On November 10, 1997, Apple introduced the Apple Store, an online retail store based upon the WebObjects application server the company had acquired in its purchase of NeXT. The new direct sales outlet was also tied to a new build-to-order manufacturing strategy.
At the 1997 Macworld Expo, Steve Jobs announced that Apple would be entering into a partnership with Microsoft. Included in this was a five-year commitment from Microsoft to release Microsoft Office for Macintosh as well as a US$150 million investment in Apple. As part of the deal Apple and Microsoft agreed to settle a long-standing dispute over whether Microsoft's Windows operating system infringed on any of Apple's patents. It was also announced that Internet Explorer would be shipped as the default browser on the Macintosh, with the user being able to have a preference. Microsoft chairman Bill Gates appeared at the expo on-screen, further explaining Microsoft's plans for the software they were developing for Mac, and stating that he was very excited to be helping Apple return to success. After this, Steve Jobs said this to the audience at the expo:
If we want to move forward and see Apple healthy and prospering again, we have to let go of a few things here. We have to let go of this notion that for Apple to win, Microsoft has to lose. We have to embrace a notion that for Apple to win, Apple has to do a really good job. And if others are going to help us that's great, because we need all the help we can get, and if we screw up and we don't do a good job, it's not somebody else's fault, it's our fault. So I think that is a very important perspective. If we want Microsoft Office on the Mac, we better treat the company that puts it out with a little bit of gratitude; we'd like their software.

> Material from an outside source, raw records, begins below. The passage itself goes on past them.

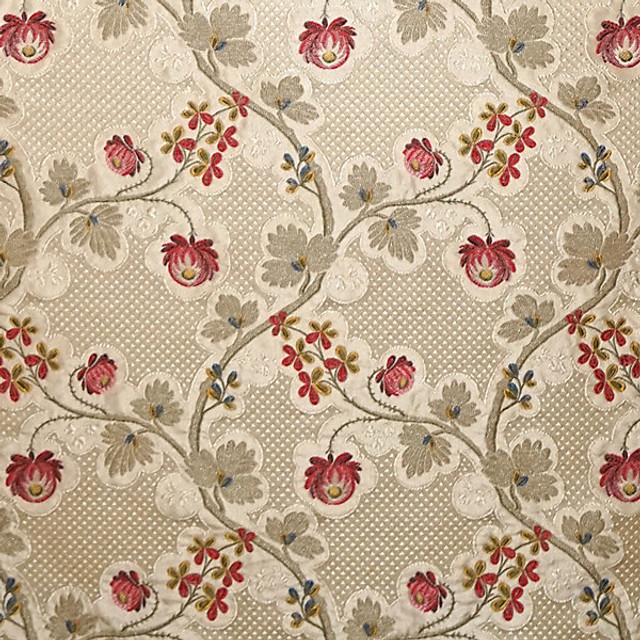 Trottola/Strawberry Cream 0352-007 by Old World Weavers Designer Fabric CLASSICS STOCKED AT SCALAMANDRE WAREHOUSE 68% SILK|17% COTTON|15% POLYESTER ITALY LIGHT DUTY Horizontal: 10" and Vertical: 7" 55" - Swanky Fabrics -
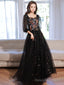 A Line long sleeves Tulle Lace Black Long Prom Dress, Black Lace Long Formal Dress
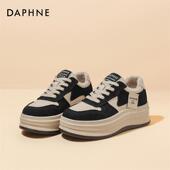 防滑小个子增高加绒保暖运动鞋 达芙妮厚底松糕板鞋 女2026秋冬新款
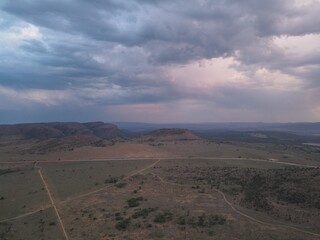 Stormy sunset sky over the Waterberg Mountains, South Africa, Limpopo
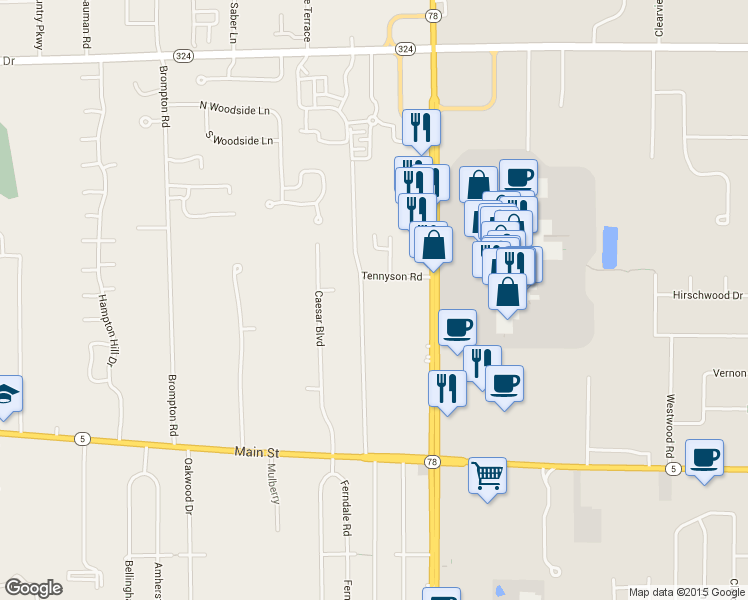 map of restaurants, bars, coffee shops, grocery stores, and more near 177 Tennyson Terrace in Buffalo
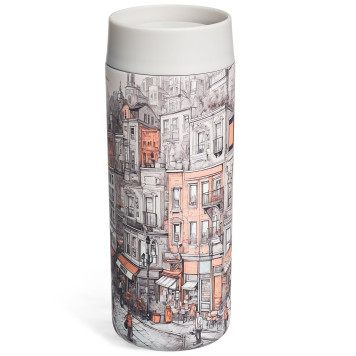 Термокружка город 350 мл, колба нерж.сталь 18/10 AGNESS 798-113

So, the era of setting this up as a competition between Apple and Microsoft is over as far as I'm concerned. This is about getting Apple healthy, this is about Apple being able to make incredibly great contributions to the industry and to get healthy and prosper again.
The day before the announcement Apple had a market cap of $2.46 billion, and had ended its previous quarter with quarterly revenues of US$1.7 billion and cash reserves of US$1.2 billion, making the US$150 million amount of the investment largely symbolic. Apple CFO Fred Anderson stated that Apple would use the additional funds to invest in its core markets of education and creative content.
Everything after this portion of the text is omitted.